[EDLING:2303] Australia: flag issue fails to fly

Francis M Hult fmhult at DOLPHIN.UPENN.EDU
Sun Jan 28 16:51:56 UTC 2007


Via lgpolicy...

> Flag issue fails to fly
> By Piers Akerman
> 
> January 28, 2007 12:00
> 
> TO the utter chagrin of self-described progressives, Australia Day was
> celebrated uneventfully around the nation. At ceremonies and festive
> gatherings in towns and cities, on beaches and in parks from the coast,
> the Australian flag was flown and flapped flagrantly without provoking
> riots or orgies of nationalistic mayhem. Given the advance warnings of the
> catalytic effect the flag can have on savage youths issued by the
> politically correct, ranging from Green politicians to Ken West, the
> organiser of Sydney's Big Day Out concert, this was a near improbability.

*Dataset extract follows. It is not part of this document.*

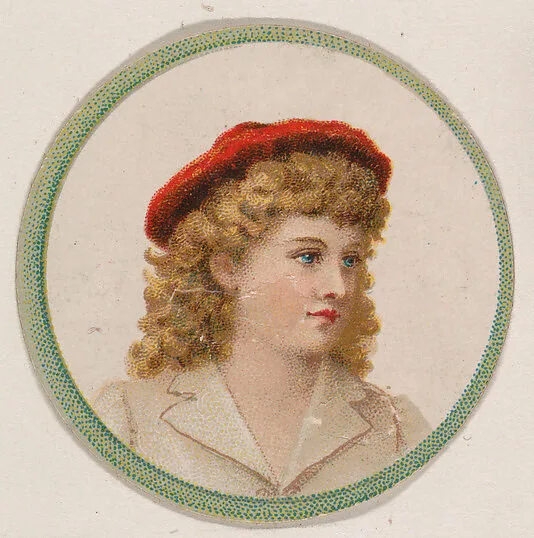 Woman wearing red cap, from the Novelties series (N228, Type 2) issued by Kinney Bros. — Kinney Brothers Tobacco Company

> Tolerance of the flag was equated to tolerating gang colours.
> 
> But on digging a little deeper, it was not so much the stars of the
> Southern Cross that were likely to cause the picnicking mob to explode, it
> was the presence of the Union Jack in the corner that was of real concern.

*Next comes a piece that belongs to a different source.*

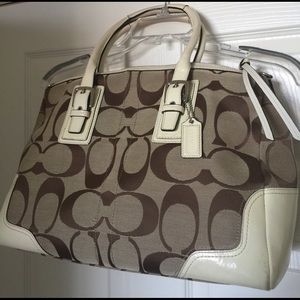 Coach Large Logo Canvas & Patent Leather Satchel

> The attacks on the flag were really thinly disguised arguments against one
> of the symbols of modern Australia's undeniable heritage, its early
> beginnings as a British colony and its rich debt to British law, language
> and civility. Australia is, however, a distinctly different nation from
> Britain and most Australians are mature enough to understand that.

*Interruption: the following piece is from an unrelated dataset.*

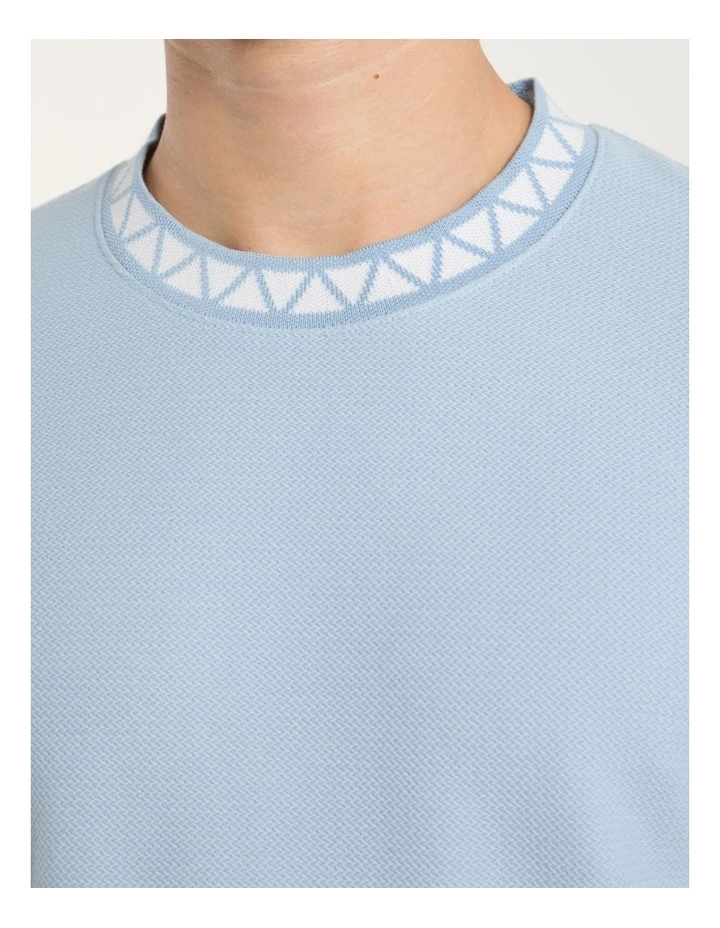 Boston Textured Tee in Suede Blue image 3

> Australia is also a nation which, until recent times, has a history of
> successfully integrating migrants (more akin to the United States
> experience than Britain), though some Australians are still doing their
> determined best to rip apart the fabric that unites its people and foster
> separate cultural identities in the name of multiculturalism.
> 
> NSW Opposition leader Peter Debnam upset Premier Morris Iemma and petty
> Liberal pecksniff David Redmond, the mayor of Sutherland, when he defied
> the council's ban on mentioning multiculturalism in the course of his
> address at an Australia Day citizenship ceremony. Debnam was cheered when
> he told his audience that becoming an Australian citizen did not mean that
> people could recreate their old country in the new. He outlined a plan to
> introduce an Australian Values and Civics Test for Year 6 students based
> on the federal Government's new test for new citizens and said the
> existing "English as a Second Language'' program would be renamed
> "Teaching English as First Language''.
> 
> Given the hysterical inability of the notorious Lakemba-based Mufti Sheik
> Taj Eldeen Alhilaly to speak English or find a translator who doesn't
> reduce his poetical Arabic into virulent hate speech in praise of suicide
> bombers and opposed to Western culture, this should be welcomed. Debnam
> also proposed a new free civics and citizenship course to be run through
> community colleges, which should be a winner with the former students of
> Granville Boys High School responsible for making the disgustingly violent
> video posted recently on YouTube. Reclaiming multiculturalism for
> mainstream Australians who believe that it should be a policy for
> inclusion, not exclusion, is straightforward enough.
> 
> Multiculturalism must be a policy for integration not separation. As
> Debnam said, it must be a policy that shows respect for our different
> cultural backgrounds, including indigenous Australians, but focuses on
> Australian values and an Australian way of life that we share as a first
> priority. His commonsense suggestions were, however, opposed by Iemma, who
> said it was "ill-advised'' to make such comments on Australia Day, and the
> Federal Liberal MP for Cook, Bruce Baird, who distanced himself from
> Debnam, saying: "They were his words, you ask him about them. I certainly
> know in this community we appreciate the various countries people come
> from and we celebrate that.'' The notion that all cultures are equal and
> have a place in Australia is sheer humbug. Subscribers to this belief
> should ask the doctors and nurses treating women who have suffered genital
> mutilation for cultural reasons whether they agree.
> 
> Writing for the signandsight website, Pascal Bruckner recently called
> multiculturalism the "racism of the anti-racists''. He illustrated his
> argument by noting that Job Cohen, the mayor of Amsterdam, had demanded
> that the Dutch accept "the conscious discrimination of women by certain
> groups of orthodox Muslims'' on the basis that a "new glue'' was needed to
> "hold society together''. "In the name of social cohesion, we are invited
> to give our roaring applause for the intolerance that these groups show
> for our laws,'' he wrote. He could have been writing about Australia's
> politically correct politicians who defend the ghettoisation of
> (principally Muslim) migrants on the grounds that their culture demands
> their women remain segregated by clothing and custom from the mainstream.
> 
> There may be some irony in the fact that the so-called progressives who
> want to see archaic and barbaric customs perpetuated in the name of
> tolerance and multiculturalism also hopefully predicted that a display of
> national pride would lead to intolerance and violence. The reality is that
> their misguided calls for tolerance are only providing platforms to be
> exploited by the purveyors of hate.